The Brazil Project and Environmental Change and Security Program co-hosted a conference on the debate over genetically modified (GM) agriculture in Brazil.
Michael Rodemeyer, a senior consultant at the Pew Initiative on Food and Biotechnology, contextualized the issue with a brief summary of the debate over embracing GM agriculture both worldwide and in Brazil. In the 1990s, when GM technology was first introduced, Argentina, the United States, and Canada, three of the world's largest soy producers, readily embraced the technology with little public outcry over possible negative repercussions. However, a contentious debate developed around the issue in Brazil. This resulted in a government ban on certain GM technologies. In spite of this, illegal GM crops smuggled through Argentina are believed to be grown throughout Brazil. Rodemeyer highlighted the significance of this reality by emphasizing Brazil's important role in the global market of agricultural goods, arguing that the government's decisions to whole-heartedly embrace GM agriculture will have strong domestic and international repercussions.
Professor of political science at Wellesley College, Robert Paarlberg, agreed with Rodemeyer's explanation of the realities of GM agriculture in Brazil and asserted that Brazil's experience over the past seven years has helped to debunk a number of arguments against GM technologies. One such claim is that farmers who grow GM crops lose the option of saving and replanting their own seeds, with multinational corporations monopolizing GM technologies and thus benefiting at the expense of farmers.
According to Paarlberg, since GM technologies in Brazil have been popularized in particular by means of seed saving, rather than by buying new seed each year, and since individual farmers have managed these technologies at the grassroots level, the Brazilian case disproves many claims against GM agriculture. Despite his broad support for GM technologies, Paarlberg closed with a warning that were they to be readily used across the board in Brazil, significant challenges, such as establishing international regulations and facing the global (and especially European and Chinese) demand for non-GM agriculture, must be considered.
Dr. Jose Falck-Zepeda, a research fellow at the International Food Policy Research Institute (IFPRI), spoke about safety, regulation, and innovation in the area of GM herbicide resistant soybeans in Brazil. Falck-Zepeda addressed the need to expand the discussion of GM foods to crops consumed locally, such as corn, beans, and cassava. IFRPI, an organization that stresses the development of cautionary policies for genetically modified food, promotes the use of this technology to benefit not only agribusiness exporters but poor, subsistence farmers as well. Besides the issue of better distributing the payoffs of GM technologies, Falck-Zepeda argued that there are many other significant issues intertwined in the debate over GM agriculture, such as the continuing increase in the global demand for food and threats to national sovereignty.

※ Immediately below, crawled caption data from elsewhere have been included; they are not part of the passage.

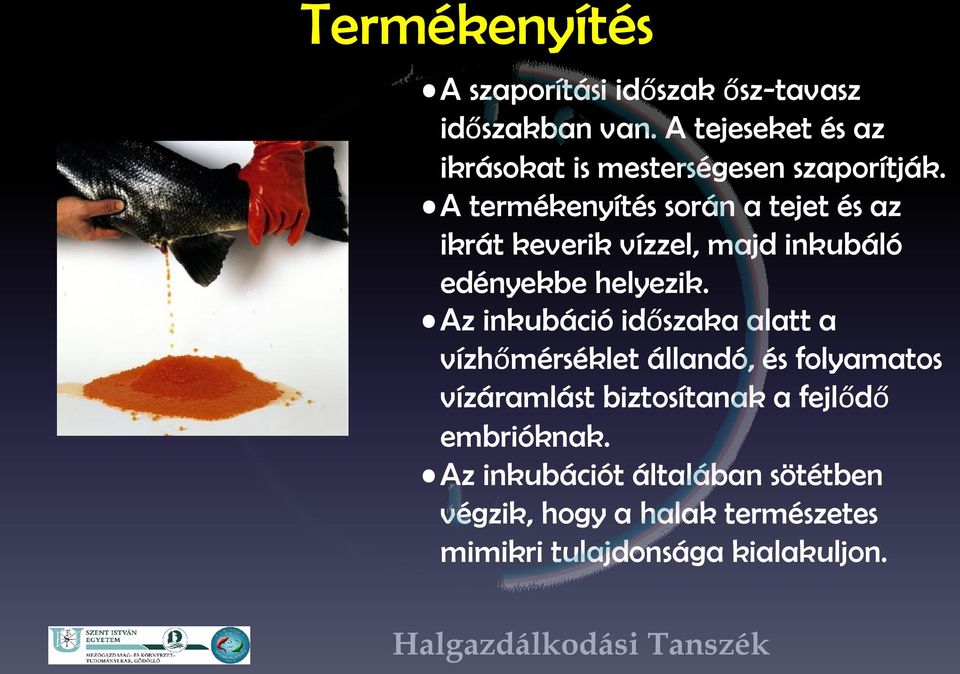 A termékenyítés során a tejet és az ikrát keverik vízzel, majd inkubáló edényekbe helyezik.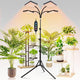 4-Head Grow Light with Stand 100W, FECiDA 2025 Grow Lights for Indoor Plants, Full Spectrum LED Plant Grow Light for Houseplants, Bonsai Tree, 4,8,12,16 Hr Timer and 360° Gooseneck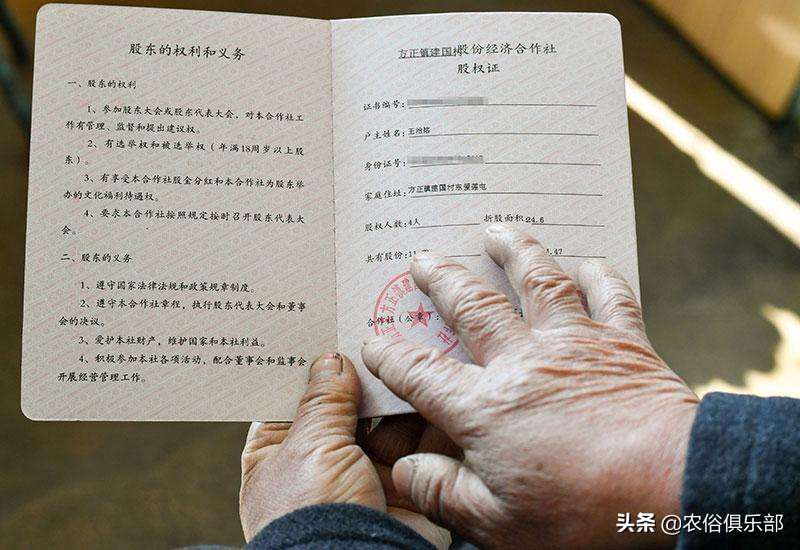 农村集体经济组织股权证如何发放,农村集体经济股权证有什么作用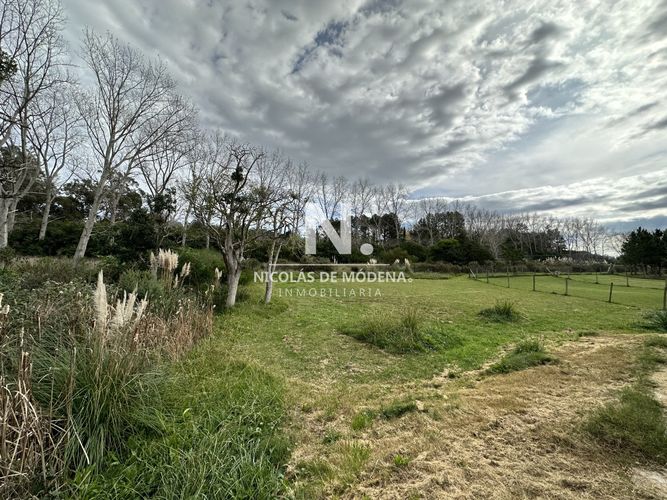 Foto 3 de 14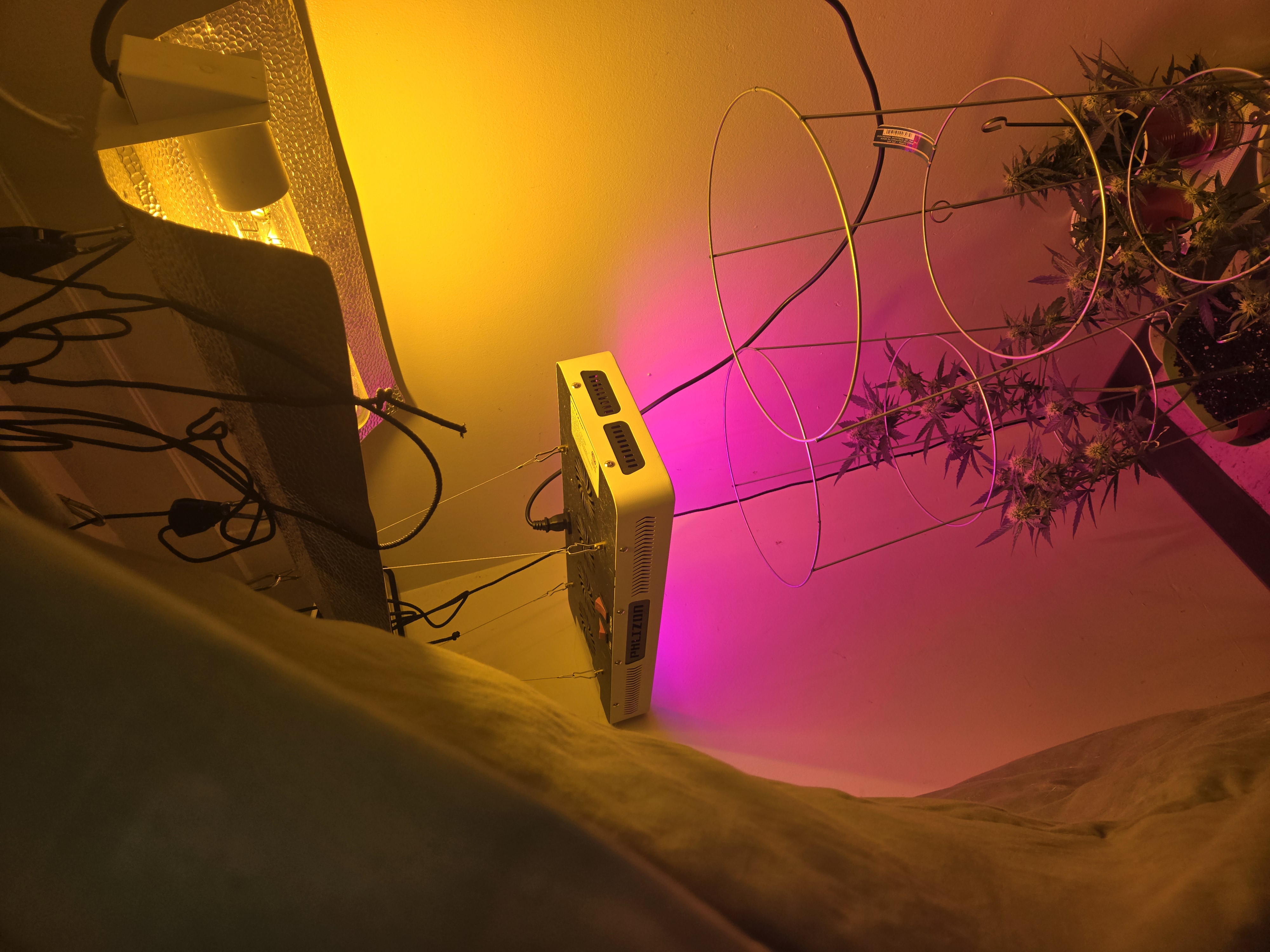 high octane x holy grail  — auto, day 16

The history of biosafety in Brazil is composed of two principal regulations: the Biosafety Law passed in 1995 and the Cartagena Protocol on Biosafety, which was first enforced in 2004. Falck-Zepeda pointed out that the first Biosafety Law established a convoluted—and often uncertain—process for moving from the research and development of genetically modified foods to their commercial production. This inefficiency was detrimental to investment in the technology. Because biosafety regulation is often costly, companies risked making decisions based on incomplete information and encountering the so-called "stopping problem" (when taking costly regulatory action is just as costly to reverse). Biosafety regulation is even more difficult for Brazil, a country that relies primarily on the public sector for its research and technology. Most public sector biotechnology research groups are still in the early stages of the lab process, as the public sector lacks the same resources and capital available to the private sector. This is why Brazil has a relatively small number of potential technologies undergoing research—less than half the number in Argentina and one-third of the number of technologies in China.

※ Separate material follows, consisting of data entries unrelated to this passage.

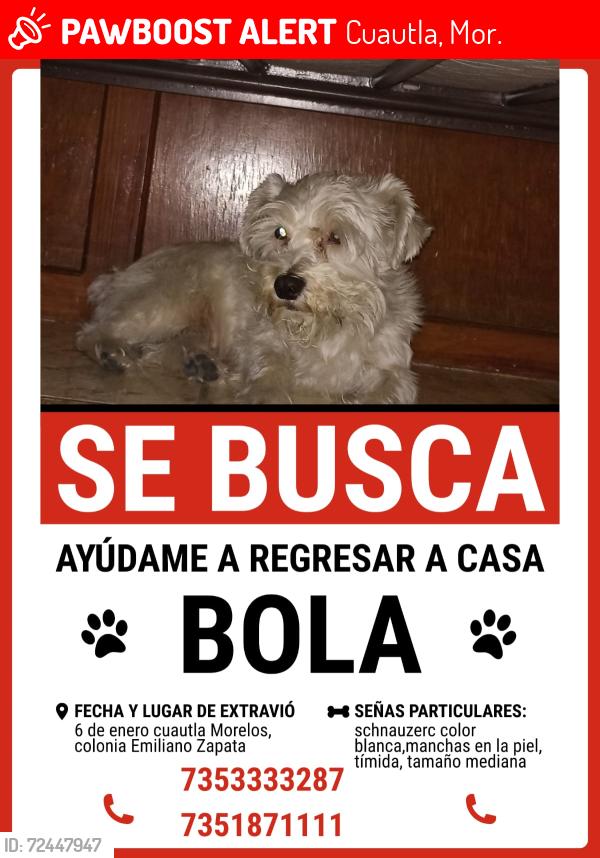 Lost Female Dog last seen Colonia Emiliano Zapata, Cuautla Morelos México , Cuautla, Mor. 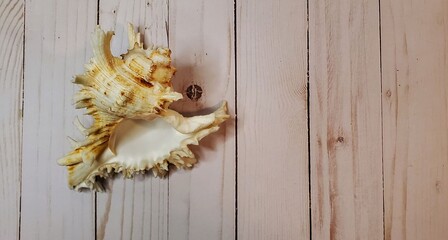 A single, beautiful conch shell displayed on a wooden background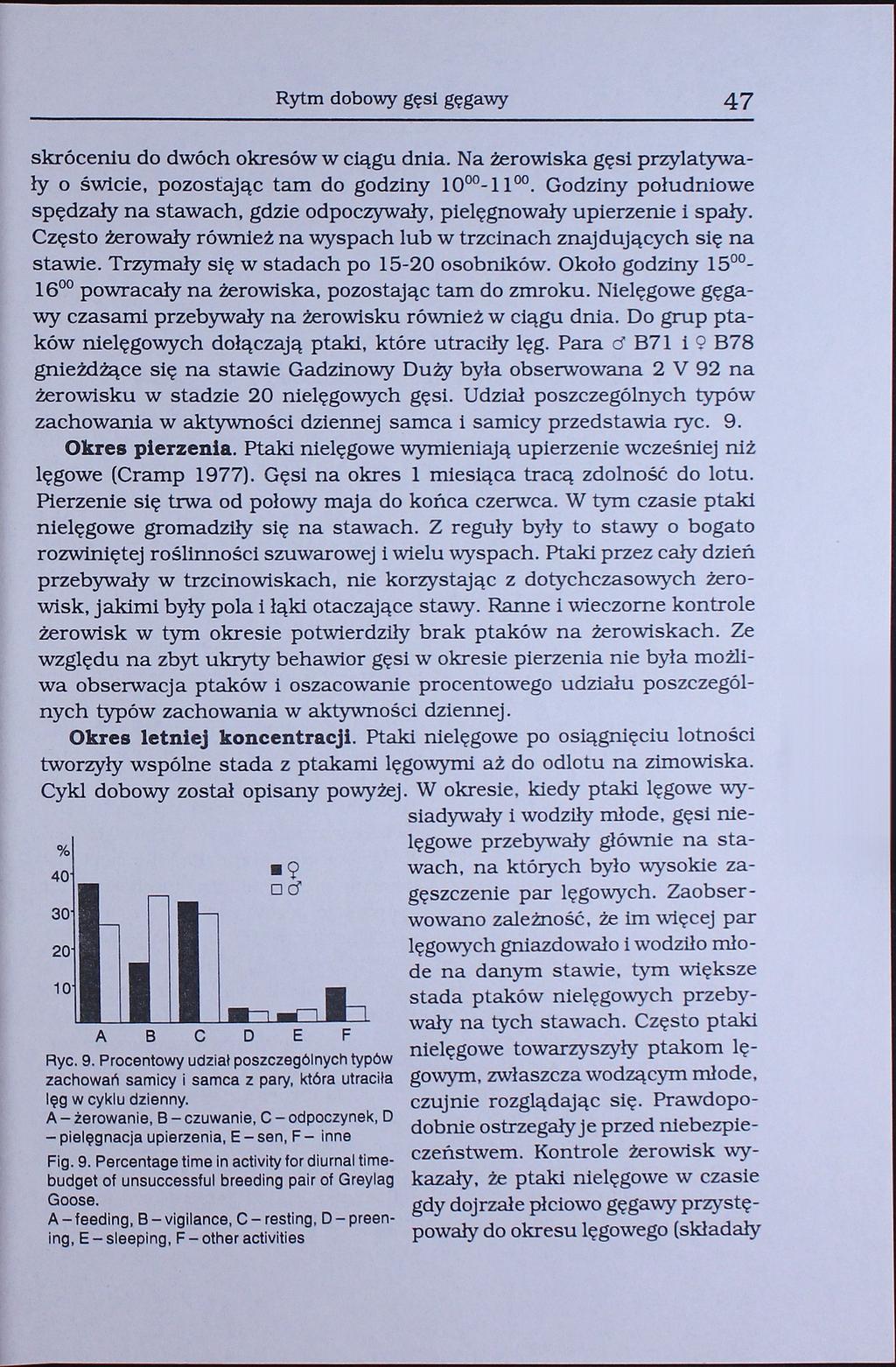 Rytm dobowy gęsi gęgawy 47 skróceniu do dwóch okresów w ciągu dnia. Na żerowiska gęsi przylatywały o świcie, pozostając tam do godziny 10-1100.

In Brazil, farmers view herbicide resistant soybeans as profitable. They can easily access probable results by looking to neighboring Argentina to validate their claims. Studies from Argentina have also assessed the environmental impact of herbicides—for example, the introduction of herbicide resistant soybeans in Argentina led to an increase in conservation tillage (a practice which causes less damage to the soil and land). Again, Brazil can be expected to have similar results.
Both public and private sector actors must consider the "cost of compliance," or rather, the balance between a country-defined acceptable level of safety and the necessary cost of achieving it. This means identifying areas that contribute to overall risk and focusing heavy investments in these places. Finally, Falck-Zepeda posed the overall question of "How will developing countries deal with biotechnology research and development and will biosafety regulations effect the research and development of crop of critical importance to Brazil's poor.
Dr. José Geraldo Eugênio de França discussed the meaning of research and development, coupled with agribusiness, in Brazil. As director of EMBRAPA, the largest agricultural research organization in Brazil (encompassing over 58 affiliated centers across the country), he has overseen the development of GM soybeans and their integration into the agricultural economy. Agribusiness is the driving force behind Brazil's economy with soybeans as the main agricultural export. Working within this context, EMBRAPA has taken on the task of both regulating and promoting the use of genetically modified soybean varieties. One of their primary responsibilities is the containment of soybean cultivation, which began in southern Brazil ands is now pounding at the doors of the nation's environmental treasure, the Amazon Rainforest.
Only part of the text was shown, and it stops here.